Anyway, the effect of Moshe’s free ecstasy pill in the Limelight was funny. I first cycled to Artis and spent hours chatting in the monkey cage and kissing a mandrill. Then I went to a moldy cellar around the corner from the Koepelkerk, where the Sonesta was still located with the notorious high society fitness club Splash, where I did aerobics together with Huub Stapel and Adele Bloemendaal. In that basement dance evenings took place, attended mainly by cousins, and the inevitable but fortunately sporadic curmudgeon of the Claudius Breij type. I’m not a dancing type, but I danced around in boxer shorts until 9 o’clock in the morning and then went to the afterparty at the Argos leather club in the Warmoesstraat. In short: Ecstasy is a fun party drug, but it is also childish stuff compared to sos, krek and meth.

So no chemical dope for me, and certainly no Ozempic, which also gives you all kinds of nasty cancers. I have a personal trainer twice a week, surprisingly called Rui, I visit a dietician at the gym twice a month who measures my BMI, and every day I walk for an hour on the beach and through the salt mines in front of my door. And I swim in the Atlantic Ocean for half an hour every day. I no longer eat cookies and chocolate, and certainly no UPFs (ultra processed foods) and soft drinks. I limit alcohol to 1 binge per week. And that is quite difficult in this paradise for alcoholics.

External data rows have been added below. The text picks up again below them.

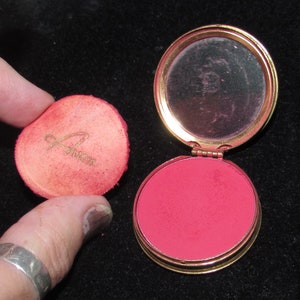 May include: A vintage compact with a gold-colored metal case and a pink blush. The compact has a mirror and a  velvet-lined lid with the word "Avon" printed in gold.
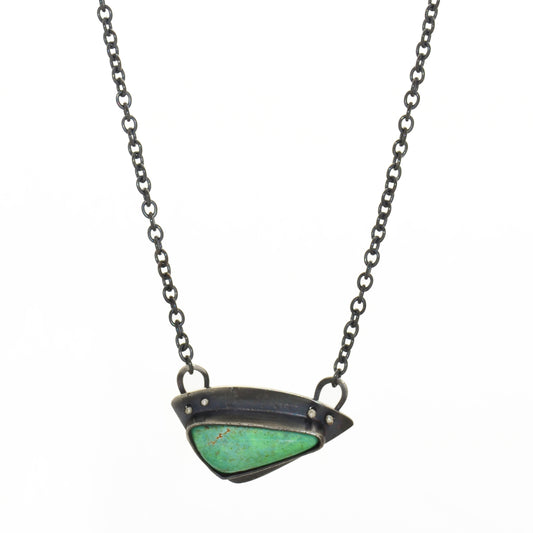 triangular shaped blue-green turquoise that is bezel set into a handmade one of a kind oxidized sterling silver pendant.  total chain length is 22" total pendant size is 1" x 1/2"  Turquoise was mined and cut in Nevada. Sterling silver is recycled.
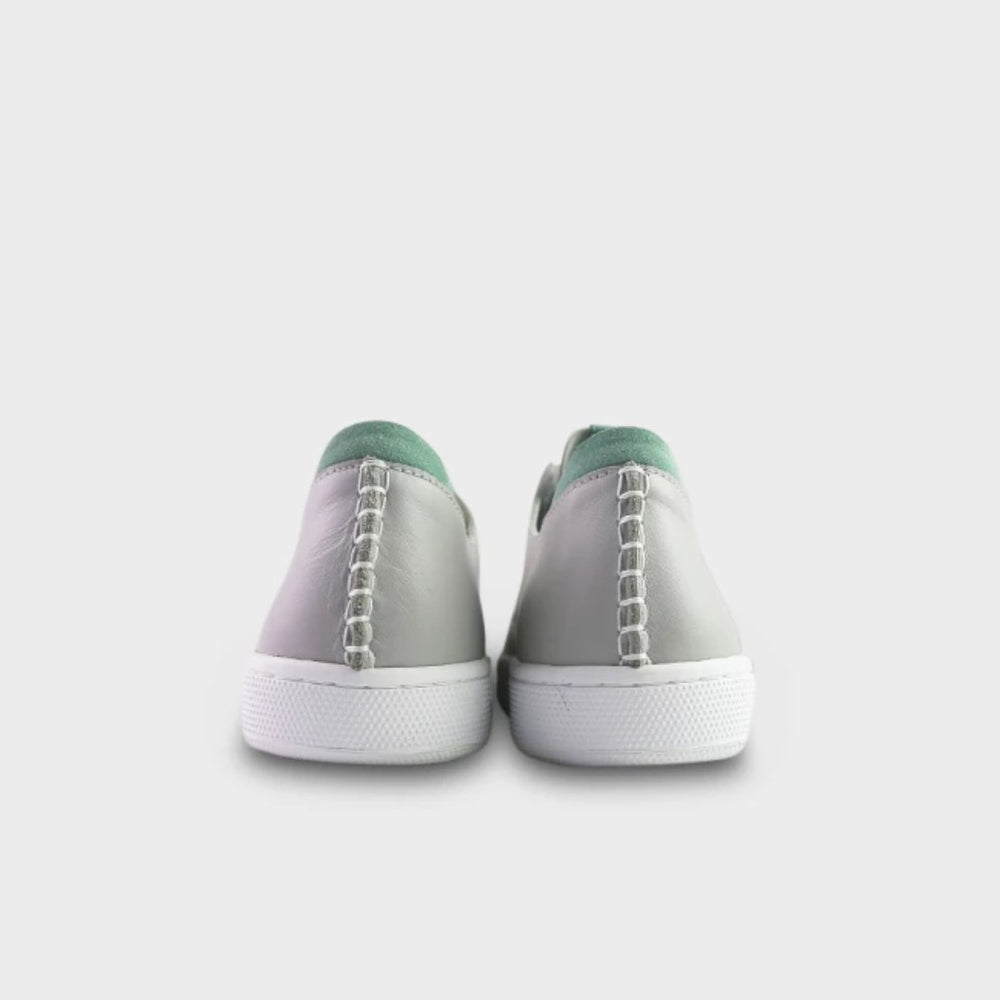 
                      
                        A rearview shot of a pair of light grey leather sneakers with white accent stitching on the heel, a white rubber cupsole sole and a green accent on the heel and tongue.
                      
                    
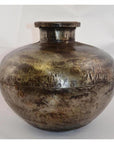 Close-up of a rustic metallic Indian water jug, round-shaped with a small neck and rivet-like details.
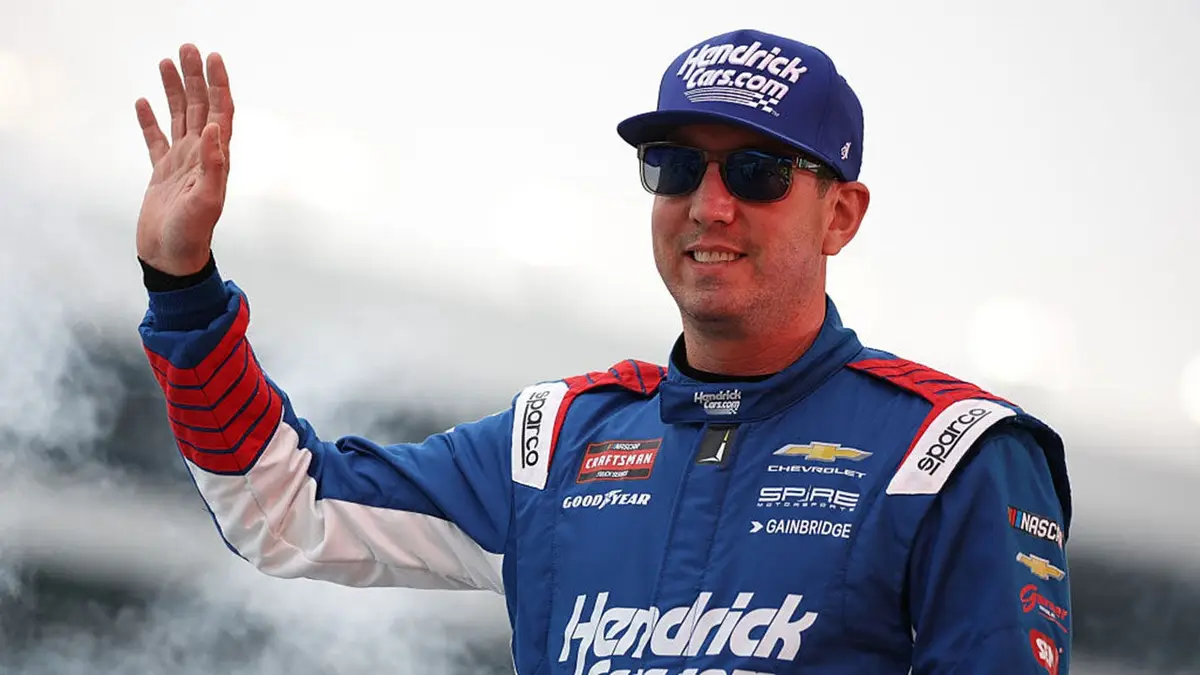 Kyle Busch standing in racing suit at Texas Motor Speedway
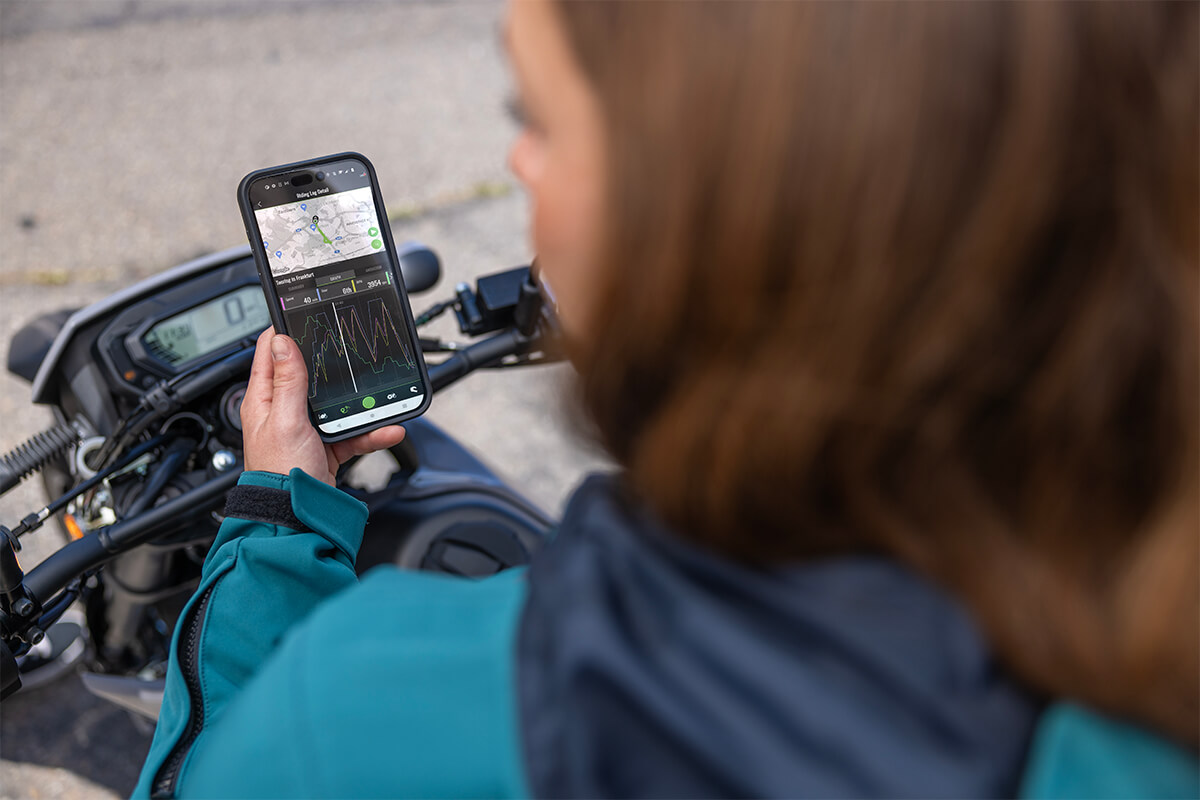 Over the shoulder angle of a person looking at their phone while sitting on a parked motorcycle.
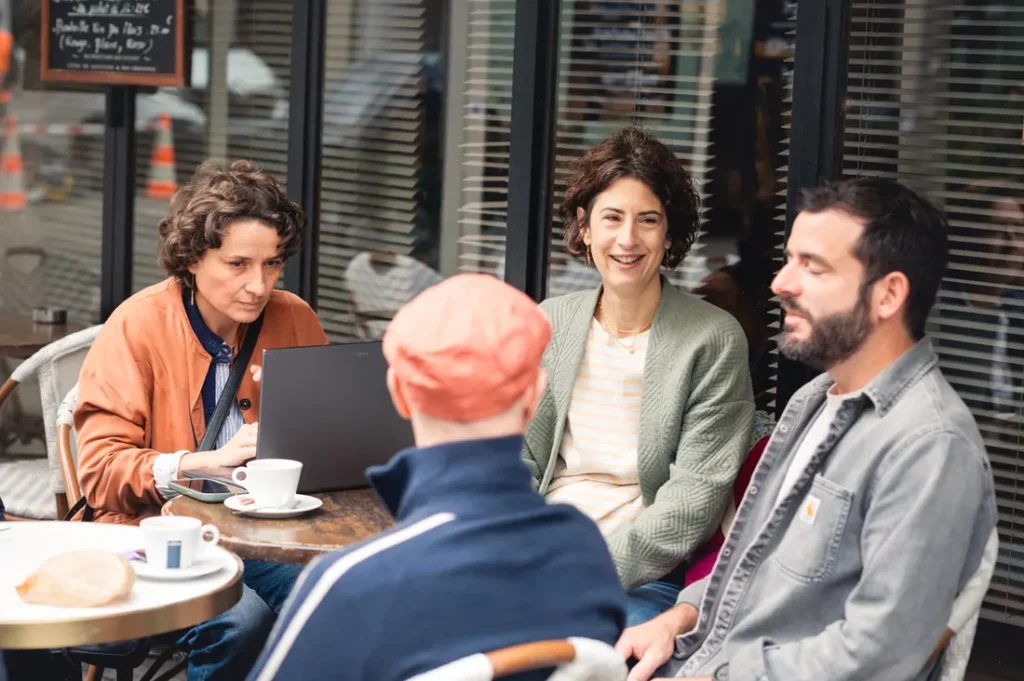 Quatre personnes échangent à la terrasse d’un café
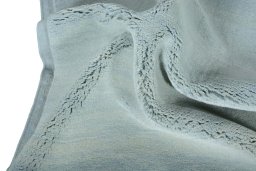 Corner detail of New Persian Gabbeh rug showing border pattern and Wool pile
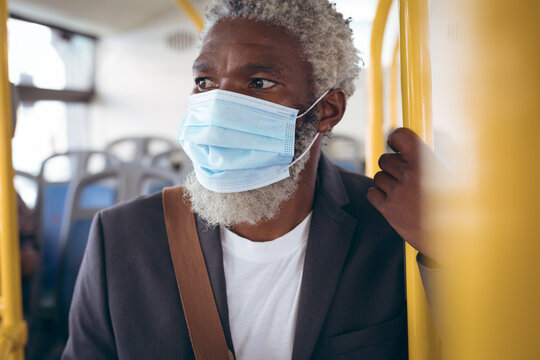 African american senior man wearing face mask standing on bus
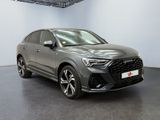 a grey audi qx parked in a showroom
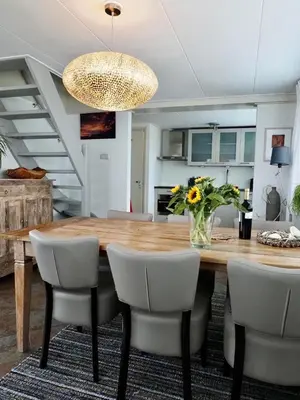 a dining room table with chairs and a vase of flowers at Vakantiehuis Camperduin in Schoorl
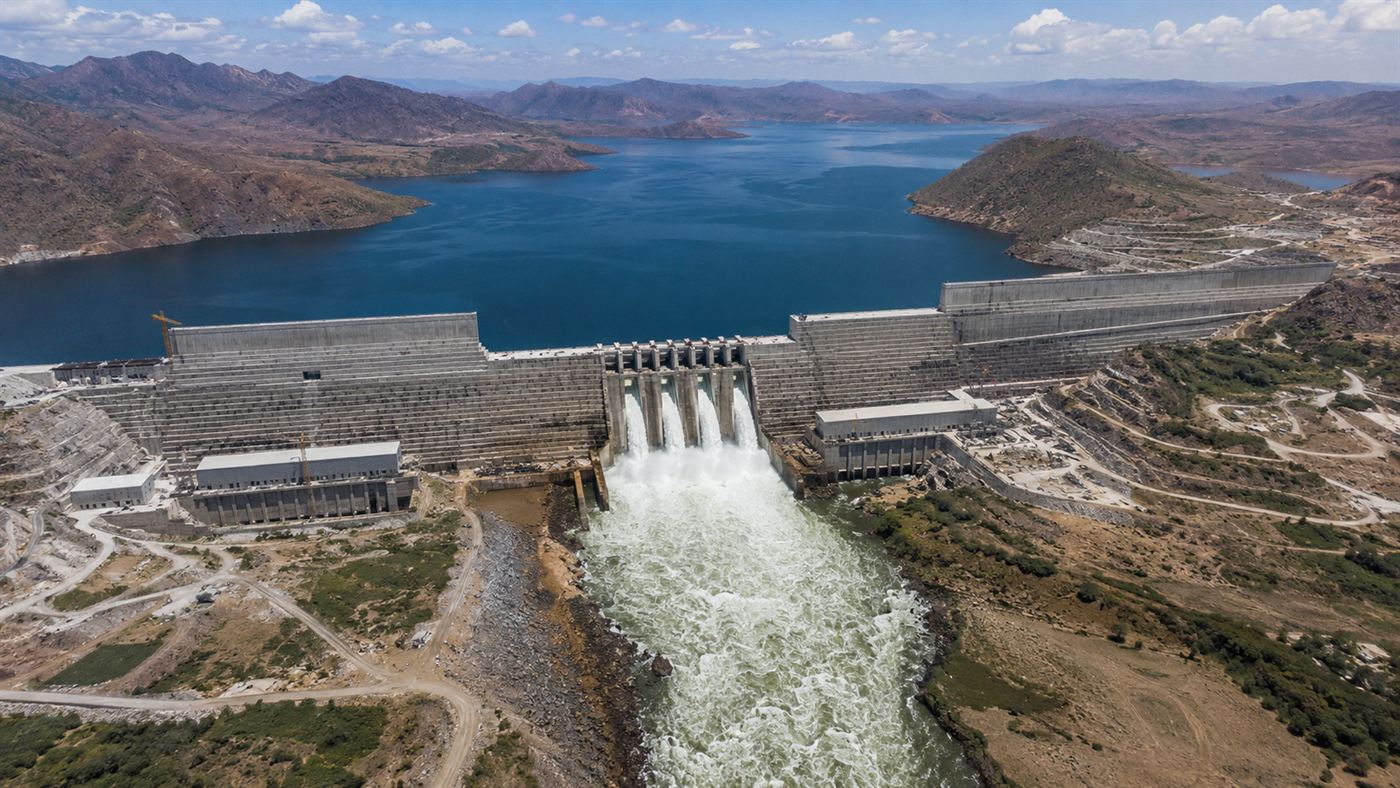 An enormous concrete hydroelectric dam spanning a wide river gorge in the Ethiopian highlands, with white water rushing from the spillways and a large reservoir behind it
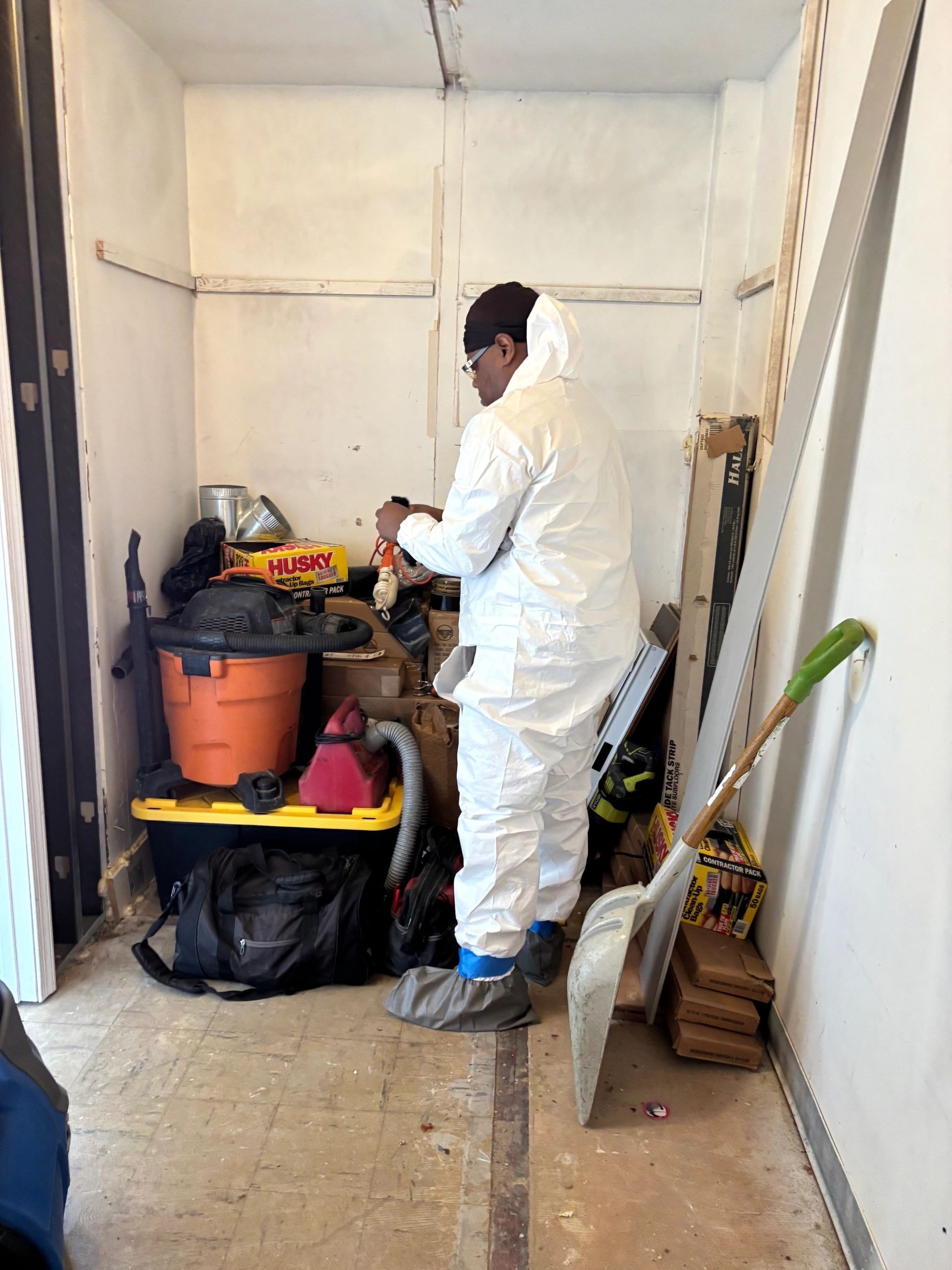 Remediation professional preparing equipment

Fortunately, we do not have the snack bar phenomenon in the Algarve. You can get a nice mouthful here, but you have to go to Jin Shan on the boulevard of Olhão. Usually it concerns hangover eating. Women call it comfort food, but it immediately sounds so victimized. If I have a resaca of death, I got a tower with buckets of food from the filthiest Chinese in the Algarve, but the owner is very nice and has a DD cup and you don’t often see that among her people. Jin Shan, by the way, means golden mountain. Make that Golden Mountain of Congealed Deep-Frying Fat.

Well, I won’t reveal any more secrets about my spectacular war against obesity. But the struggle pays off. Veni vidi vici.